Scripture clearly presents God as knowing the future exhaustively. He knows it because he created and oversees all things according to his own wise plan. In a world filled with death, suffering, uncertainty, and hopelessness, we can be certain of a secure future because the character of the God of creation guarantees it, and his knowledge of future events means nothing will ever catch him by surprise.

But … then why pray, as Bachmann does, for God to take a particular course of action?

This is why I think this comes back to evangelical Christians’ continued use of the Old Testament, despite the fact that the God they worship is very different from the God described in the Old Testament. Yes, prayers like Bachmann’s are consistent with the Old Testament—but they are not particularly consistent with the Christian God evangelicals believe in today.

No really, think about it—are there any examples in the New Testament of prayer changing God’s mind? A few passages in the gospel come the closest, but even these don’t go all the way—for instance, Jesus praying for God the Father to find some other way to save humankind, and save him from experiencing agonizing torture.

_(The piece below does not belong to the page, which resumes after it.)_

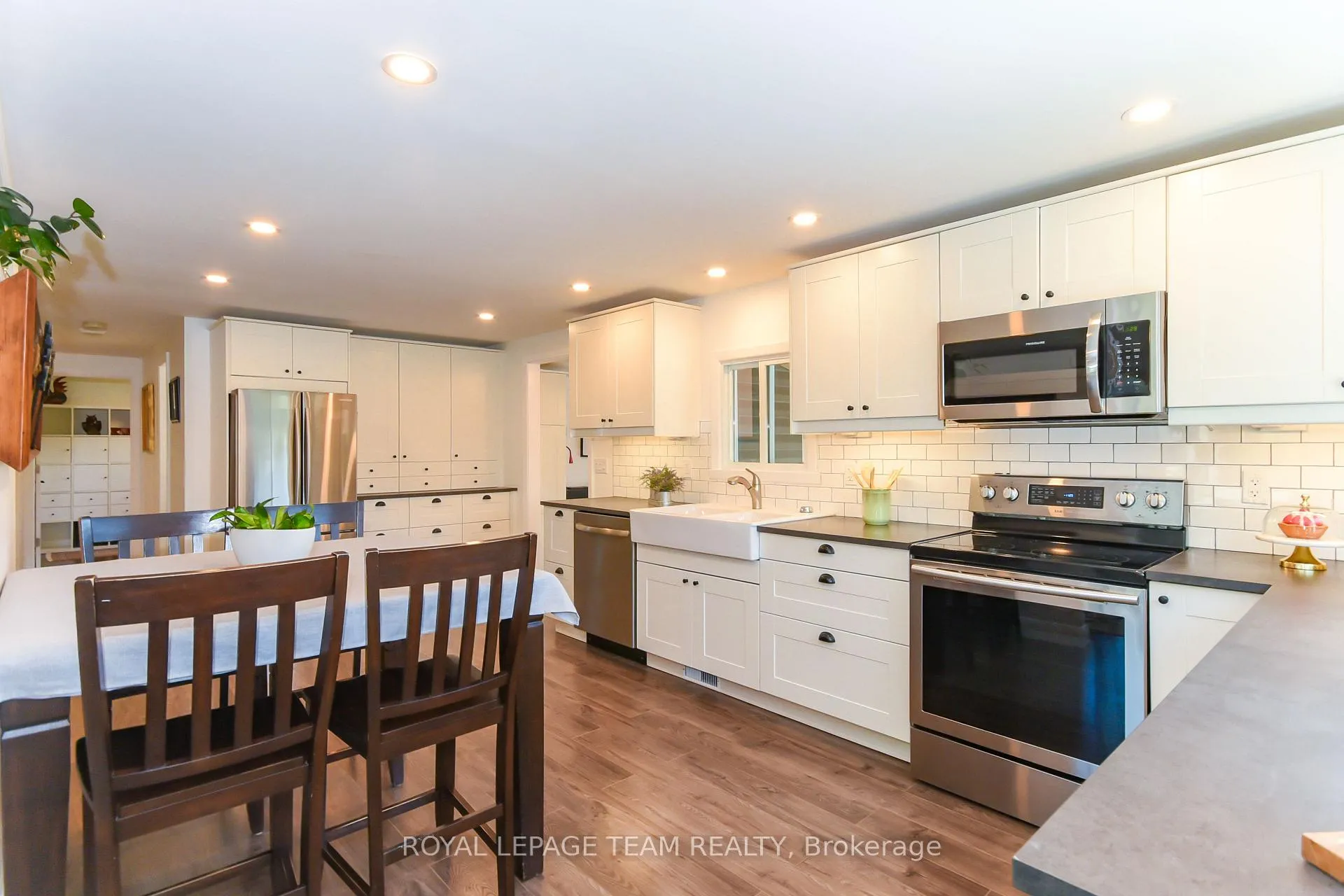 Photo 10 of 3599 Nixon Drive, Ottawa, Osgoode — HOMEH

The closest to a New Testament description of praying for God to do something—as opposed to praying for our own spiritual improvement, praying to commune with God, or praying to learn and align oneself with God’s will—comes in James:

Is anyone among you suffering? Then he must pray. Is anyone cheerful? He is to sing praises. Is anyone among you sick? Then he must call for the elders of the church and they are to pray over him, anointing him with oil in the name of the Lord; and the prayer of faith will restore the one who is sick, and the Lord will raise him up, and if he has committed sins, they will be forgiven him. Therefore, confess your sins to one another, and pray for one another so that you may be healed. A prayer of a righteous person, when it is brought about, can accomplish much.

What exactly is “the prayer of faith”?

Even if this passage is completely in line with evangelical ideas about the role of prayer in faith healing—and I’m not convinced it is—it would still seem a far cry from praying for God to change the outcome of an election or install a given man as president.

Perhaps even more notable than the conundrums of whether it is possible to change the mind or actions of an omniscient God, the New Testament, in contrast with today’s evangelicals, shows almost on concern with the outcome of political systems. You would think that those claiming they take the Bible literally and use it as their guide to live would realize this.